A century and a half after the leprosy bacillus was discovered, far too many people are still contracting the disease. The anniversary is an opportunity to shine a new and necessary spotlight on the disease.
Late in the evening of 28 February 1873, Gerhard Armauer Hansen (1841–1912) wrote in his notebook that, in a section taken from a lesion in a leprosy patient, he had seen 0.006–0.0015 mm rod-shaped bodies under the microscope (1). Was this the pathogen he had been searching for? Armauer Hansen was convinced, but he was not at all sure that he could convince anyone else.
In 1873, leprosy was still a widespread public health problem in Norway, with over 1700 recorded cases that year. Competing theories about the aetiology of the disease were proposed, and lack of civilisation, diet and miasmas all had their advocates. Even before he sat down at his laboratory microscope at Lungegaard Hospital in Bergen, Armauer Hansen was convinced that the disease was contagious. When the registration of leprosy patients was introduced in 1856, there were just over 2850 cases. When this figure fell, Armauer Hansen believed that the transfer of patients to an institution was reducing the number exposed to infection. His boss, however, was of a different opinion.

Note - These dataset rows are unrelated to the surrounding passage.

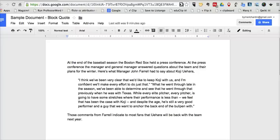Hi, this is Richard Byrne at freetechforteachers.com. In this video, I want to address a question that I recently received, and that's about how to create block quotes in Google Documents, kind of like you see here.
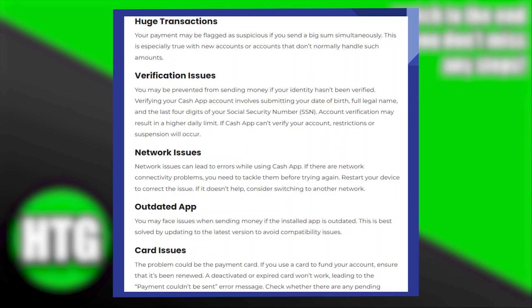The problem could be the payment card. If you use a card to fund your account, ensure that it's been renewed. A deactivated or expired card won't work, leading to the 'payment couldn't be sent' error message.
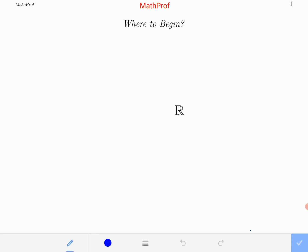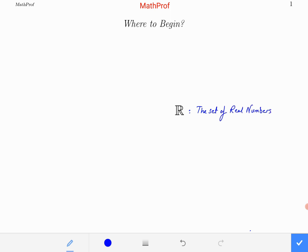Hi, welcome to my first calculus lecture. It's a good question where to begin. My answer will be to talk about the universe that we will make calculus inside, and our universe will be the set of real numbers. This is our symbol ℝ for the set of real numbers, and our calculus will be made in this set.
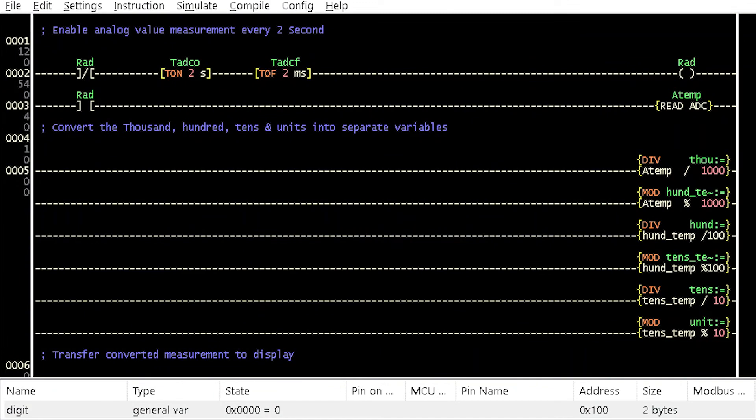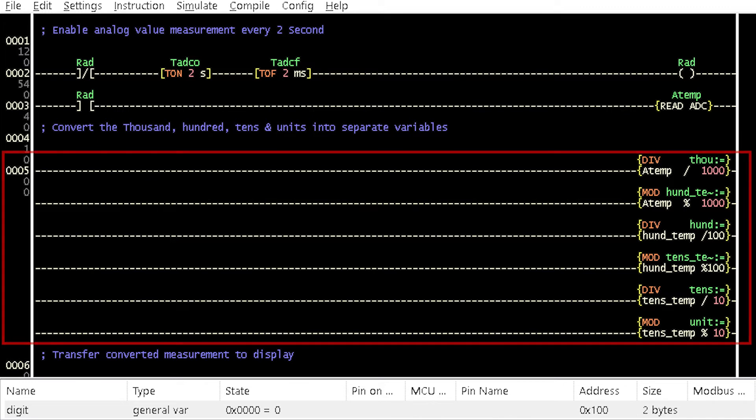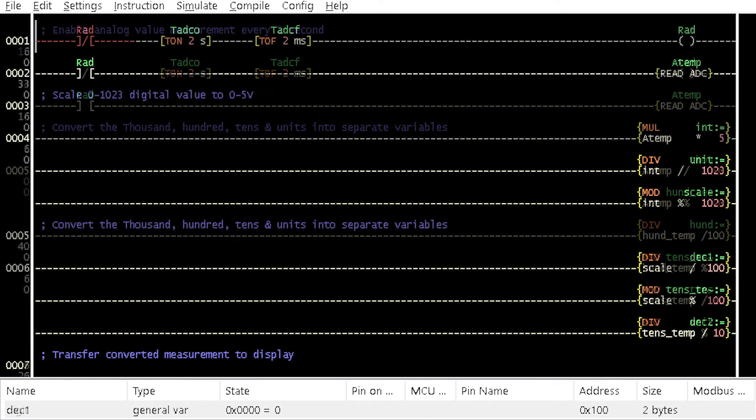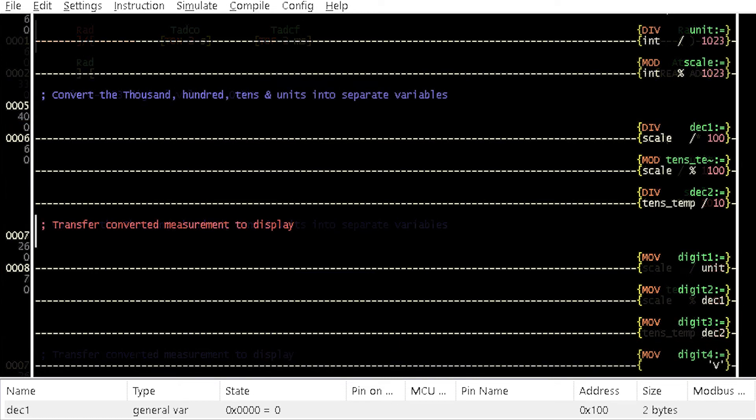Now, let's modify the previous LDmicro program. Delete these instruction elements. Insert these instructions after the AD converter read instruction. Change the source of these 4 move instructions as shown.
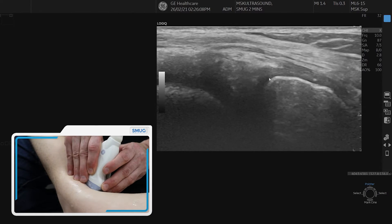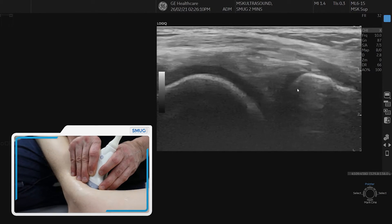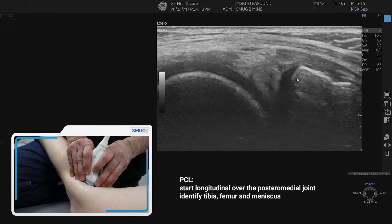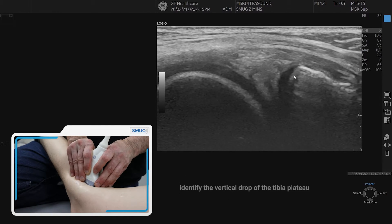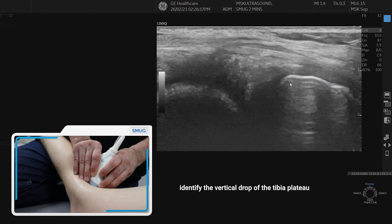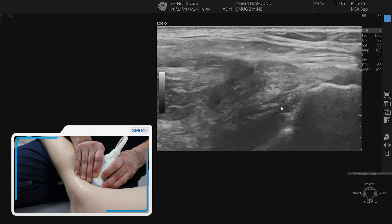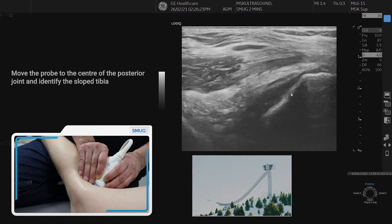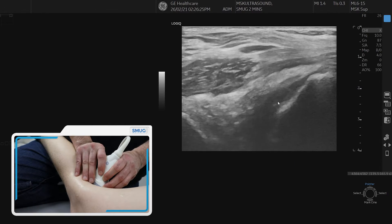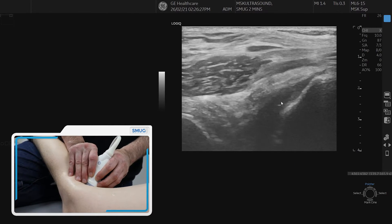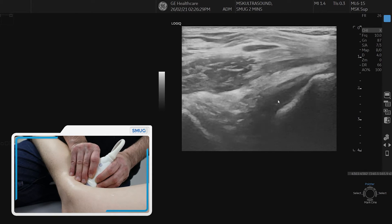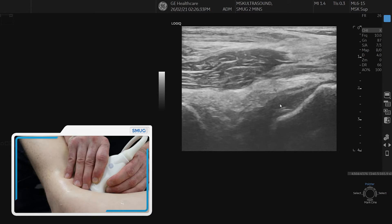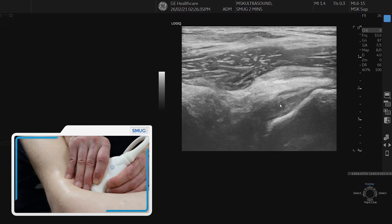Now we go to the central part of the posterior knee to assess the PCL. The first thing is to identify the tibia — the plateau is a vertical drop in this picture. As we go to the center part of the knee, it starts to become like a ski slope, and the only structure on top of that is the PCL, which is usually a dark hypoechoic structure.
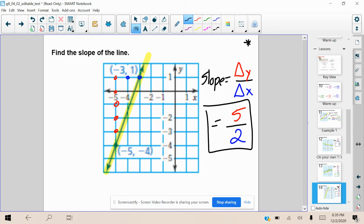Remember, folks — when we are given the graph, all we are doing is counting to see how many paces we go up and how many paces we go to the right to get back on that line. We should have the same slope every single time, because these lines extend on forever — you can keep applying this pattern and it should bring you back onto that line. Great job, folks. If you have any questions, let me know. Keep working hard. Proud of you.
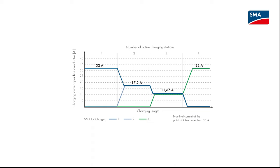In the example, you can see that the charging current is restricted when there is a nominal current of 35A at the point of interconnection.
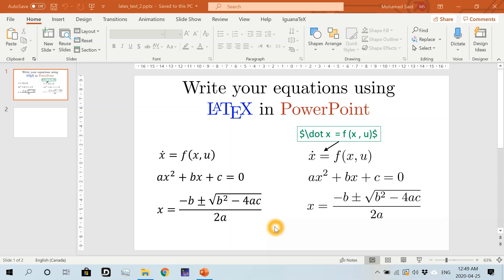Hello again everyone. In this video I'll show you some tips to be more efficient with IguanaTex. I assume that you have watched the first part of this video series already.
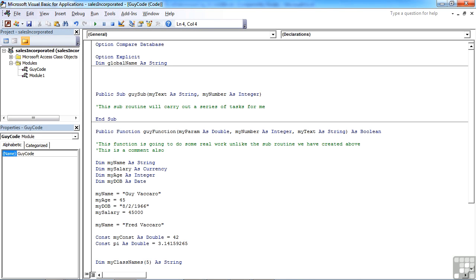So the only time you'd perhaps want to change the declaration is whether you want that variable to go global, so available to the whole application, then you would change the dim to public.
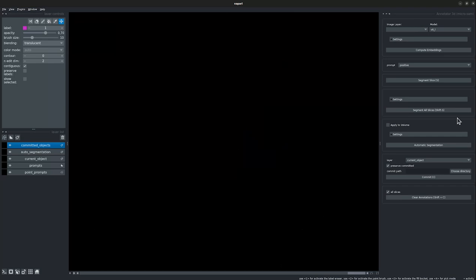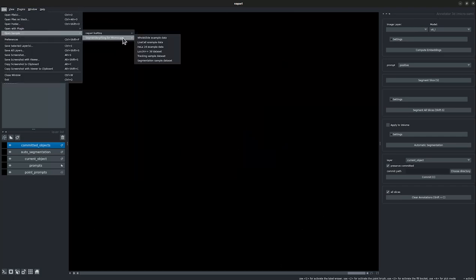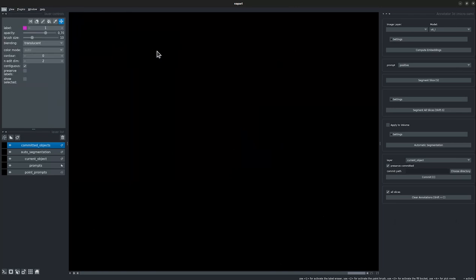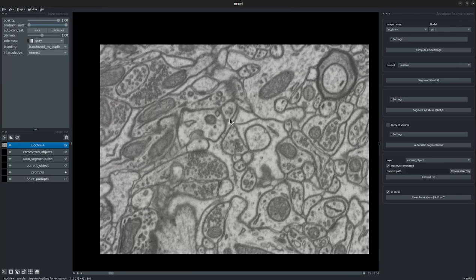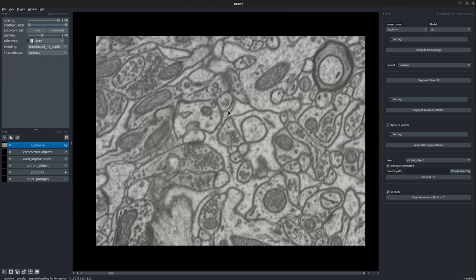On the right we have the annotator widget. Let's open a sample image. Let's drop the image layer at the end. Now let's go to the embedding widget. Before we get started, let's review the embedding widget, which we will use to load the pre-computed embeddings, as it takes a couple of minutes on CPU resources.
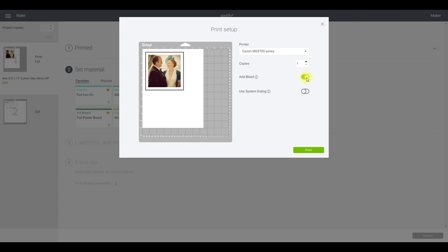I've got Cricut printable vinyl in my printer ready to go. I'll center the printer and make sure I've got the right one selected. You can choose whether to have bleed on or off — the bleed acts as a buffer. It used to give a fuzzy outline but it's changed and looks more solid now. If you don't want to see any white if the cut is slightly off, I'd suggest having the bleed on. I prefer mine off but I'll leave it on today.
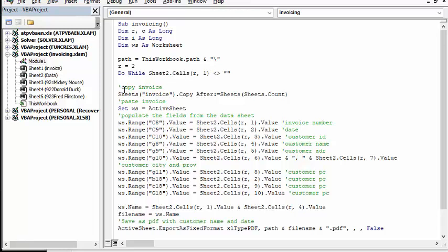What we're going to do is we're going to copy my template, the invoice template. So it's a sheets invoice copy, and it's going to put it after the sheets count.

Armauer Hansen was convinced, but he was not at all sure that he could convince anyone else
In 1847, his boss, Daniel Cornelius Danielssen (1815–94), together with Carl Wilhelm Boeck (1808–75), claimed that the disease was due to a 'hereditary dyscrasia' (2). The disease ran in families. Danielssen and Boeck warned that the view of leprosy as a contagious disease was not only flawed, but that it had led to inhumane treatment of the sick during the Middle Ages (2). Being contradicted by a young whippersnapper angered Danielssen at first. But the next day he returned to Armauer Hansen and said he still believed he was wrong but wondered what was needed to be convinced.
It took time before Armauer Hansen's colleagues were convinced (3). When the contagion theory was eventually accepted, there was also support for effective but brutal prevention. Leprosy patients were sources of infection. They had to be identified and isolated for the sake of the healthy majority, argued Armauer Hansen. On his initiative, the Storting passed leprosy laws in 1877 and 1885. At the inaugural international leprosy conference in Berlin in 1897, Armauer Hansen called for global infection control advice, with the message: Do as Norway does! Leprosy laws were subsequently introduced worldwide, which in many cases were practised much more stringently than in Norway (4).
Today we know that Mycobacterium leprae is likely transmitted by droplets from the nose and mouth of leprosy patients, and perhaps also from those who are asymptomatic (5). In a small proportion of those infected, the bacteria's invasion of macrophages in the skin and Schwann cells in the peripheral nervous system will lead to loss of pigment and sensation in the skin after a few years of incubation. Without treatment, the disease can result in deformities of the hands, feet and face, and cause severe functional impairment. Patients with visible lesions can be faced with other people's fear of infection, and even today risk being shunned by society.
The first treatment was administered in 1941, but its efficacy was soon weakened when the bacteria developed resistance to the drug. It was not until the 1980s that multidrug therapy was introduced. This stopped the contagion, cured patients within six months and would become the most important tool in a global campaign that made great strides in reducing the public health problem of leprosy. Since 2005, the decline has unfortunately plateaued at around 200 000 new cases each year, mainly among the poor in over one hundred countries, but mostly in India, Indonesia and Brazil (5).
Discrimination and exclusion of leprosy patients from society hampers the efforts to find those with the disease and their close contacts
Discrimination and exclusion of leprosy patients from society hampers the efforts to find those with the disease and their close contacts. WHO's new strategy to combat leprosy – otherwise known as Hansen's disease – therefore has a major focus on ending the stigma and discrimination attached to the disease and improving the treatment and rehabilitation of patients (5). In 2017, the UN appointed a Special Rapporteur on discrimination against persons with leprosy.
In the decades that followed Armauer Hansen's discovery of the leprosy bacillus in 1873, Robert Koch (1843–1910) and others discovered several disease-causing bacteria. This scientific revolution changed medicine's view of the nature and causes of diseases and laid the foundations for better diagnostics and infection control, and eventually specific treatment and vaccination.
The University of Bergen is marking the anniversary as a reminder of leprosy as a global public health problem, to show solidarity with leprosy sufferers and to learn the lessons of history. The anniversary year started with a conference on stigma and discrimination held in the Vatican (6). The year will continue with a commemoration in Bergen on the anniversary itself, followed by a film festival, exhibitions, a virtual tour of Armauer Hansen's office and laboratory, and an international conference in Grieghallen (7).